For the listing below, count the lines that contain "water" and report only the number.

#### EXTRACTED MATERIAL
* * *

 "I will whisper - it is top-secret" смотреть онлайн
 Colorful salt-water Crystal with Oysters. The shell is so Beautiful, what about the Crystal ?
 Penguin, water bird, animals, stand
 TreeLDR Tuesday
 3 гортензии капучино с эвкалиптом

* * *

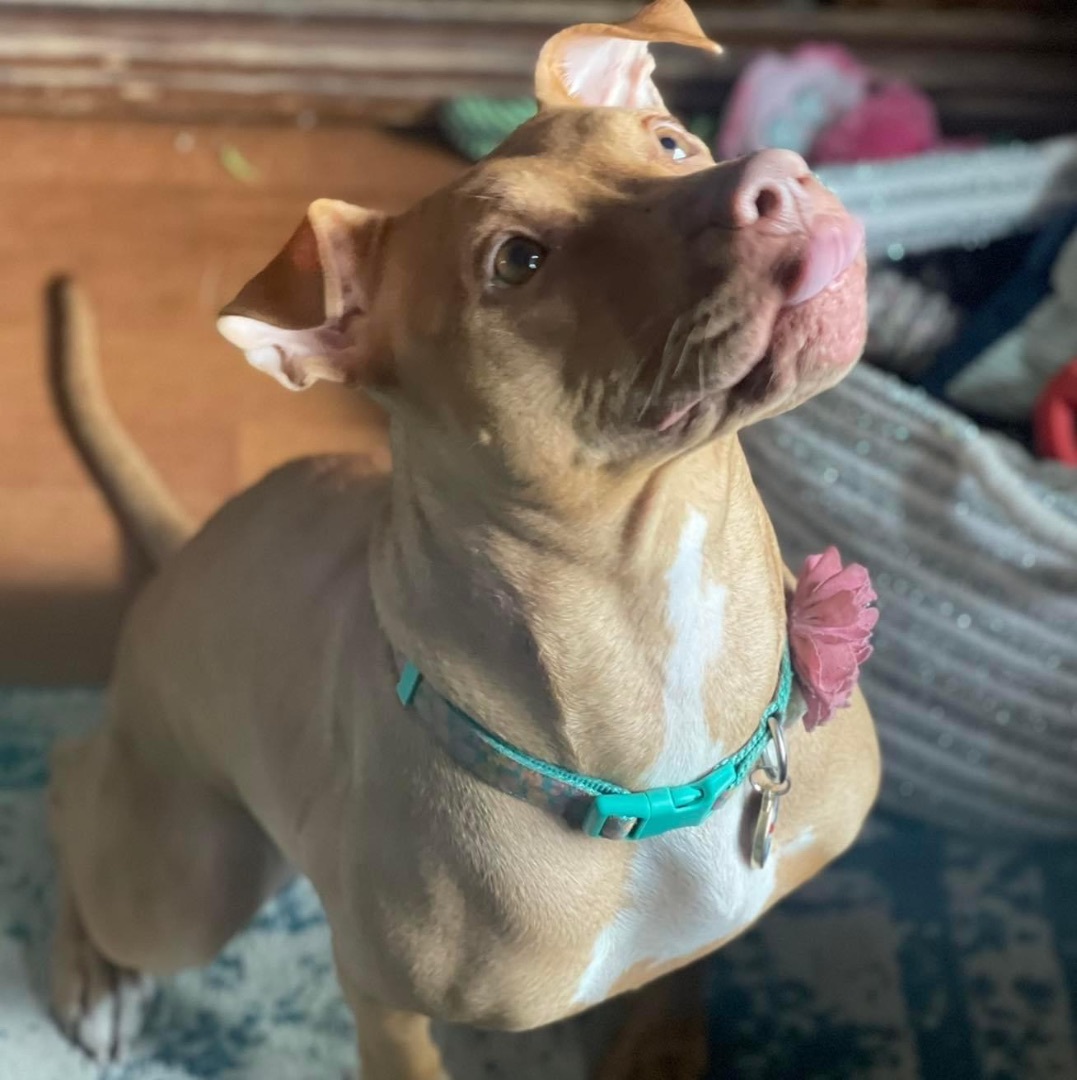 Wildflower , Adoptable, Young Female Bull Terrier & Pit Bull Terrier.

* * *

#### WRITTEN SOLUTION
2